Когда я была в Дании, датчане часто мне говорили (по-английски, поэтому их слова я привожу дословно): «Здесь у нас очень хорошо получается это. Иммигранты должны делать это по-нашему». Под «этим» подразумевалось все, что угодно — от детских садиков до хороших манер. Я была удивлена, но не их претензиями на то, что у них что-то особенно хорошо получается (а это правда!), а их убежденностью, что существует только один способ делать что-то хорошо и они этот способ и знают. Усилия «Gay International» были вызваны схожей самоуверенностью, но снискали гораздо меньше уважения.
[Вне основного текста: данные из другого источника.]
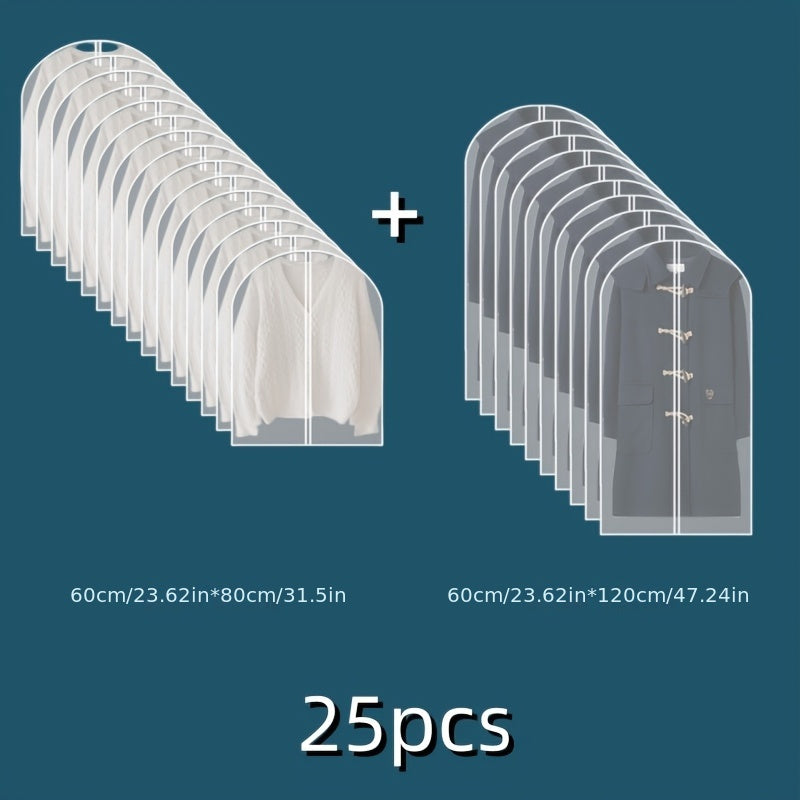 Zestaw worków na ubrania ClearGuard – Praktyczny i Ochronny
Политолог Джозеф Массад предложил термин «Gay International» для обозначения современного прозелитизма. Как пишет Массад, активисты «Gay International» пытаются «освободить арабских и мусульманских «геев и лесбиянок» от гнета, под которым те якобы живут, путем превращения их из людей, практикующих однополые контакты, в особых субъектов, идентифицируемых как «гомосексуалисты» и «геи»»[67]. Обозначения «гей» и «гомосексуалист» — в новинку даже на Западе, но их назначают сущностями, одинаковыми всегда и всюду. Их выставляют универсальными идентичностями, хотя многие даже на Западе продолжают сомневаться в их постоянстве. Они противоречат исследованиям секса и сексуальности, которые признают, как мало мы знаем об этих вещах, как неустойчивы наши практики и наша принадлежность. Принятая миссионерская поза показывает, что́ мы на Западе (или, по крайней мере, те люди в «Gay International», которые говорят за нас) знаем о сексе и сексуальной ориентации, а также то, что «у нас это получается очень хорошо». Мы уверены, что сможем объяснить другим в менее просвещенных местах, чего они желают, как они должны называть себя и кто они есть. Мы уверены, что сексуальная ориентация решительно делит мир, что эти различия были всегда и что они повсюду одинаковы, что эти различия должны быть видны всем и их нужно безжалостно насаждать и поддерживать. Категории «Gay International» устанавливаются согласно правилу «одноразовой» или «одноактной» сексуальности. Любой однополый контакт превращает человека в гея или лесбиянку. Таковы, согласно логики «Gay International», свобода и равенство. Но не тут-то было.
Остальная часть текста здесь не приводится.